• [THE DATA]
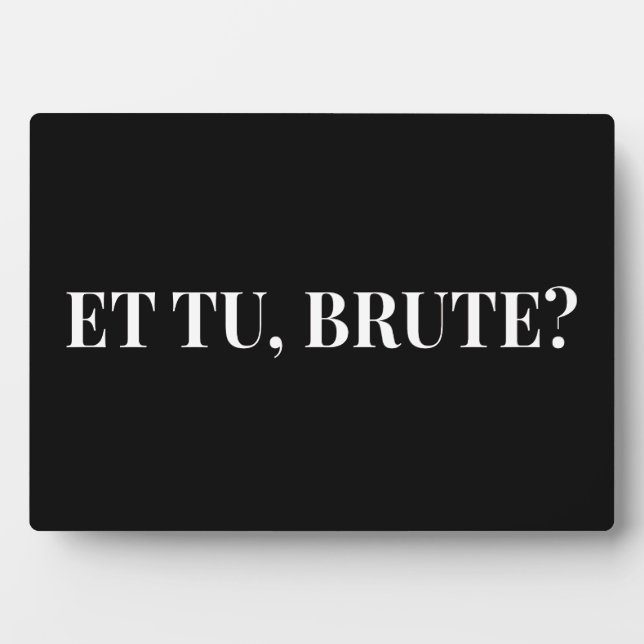 Et Tu, Brute? Shakespeare's Julius Caesar III Plaque (Front)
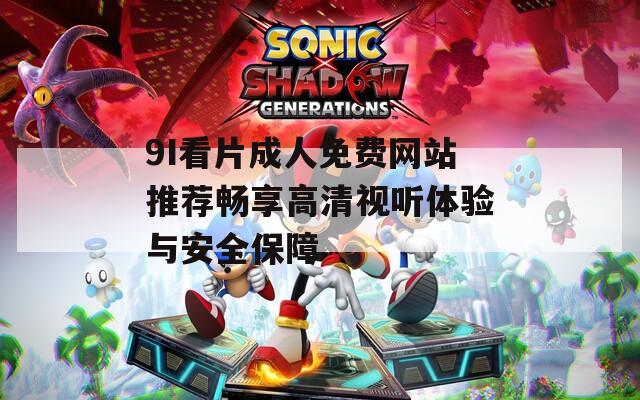 9I看片成人免费网站推荐畅享高清视听体验与安全保障
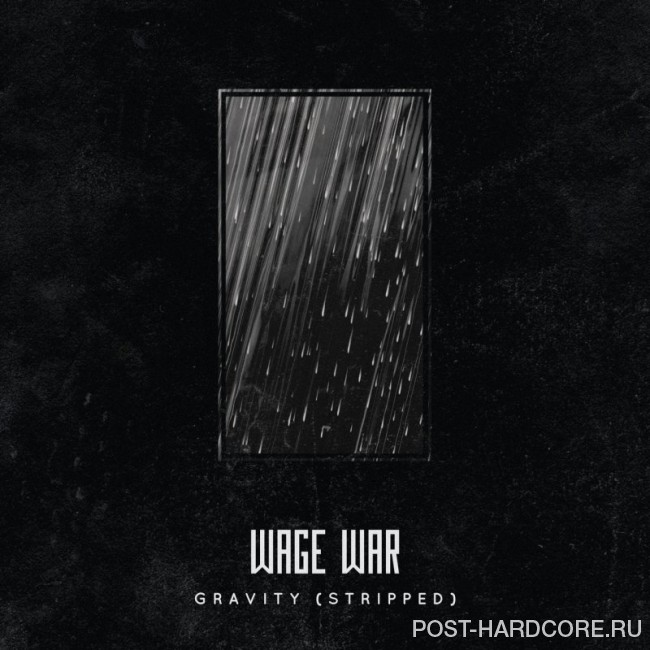 Wage War - Gravity (Stripped) [single] (2018)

• [EXERCISE GOAL]
Return all of the material precisely as written. No picture belongs in it.

• [EXERCISE ANSWER]
 Et Tu, Brute? Shakespeare's Julius Caesar III Plaque (Front)
 9I看片成人免费网站推荐畅享高清视听体验与安全保障
 Wage War - Gravity (Stripped) [single] (2018)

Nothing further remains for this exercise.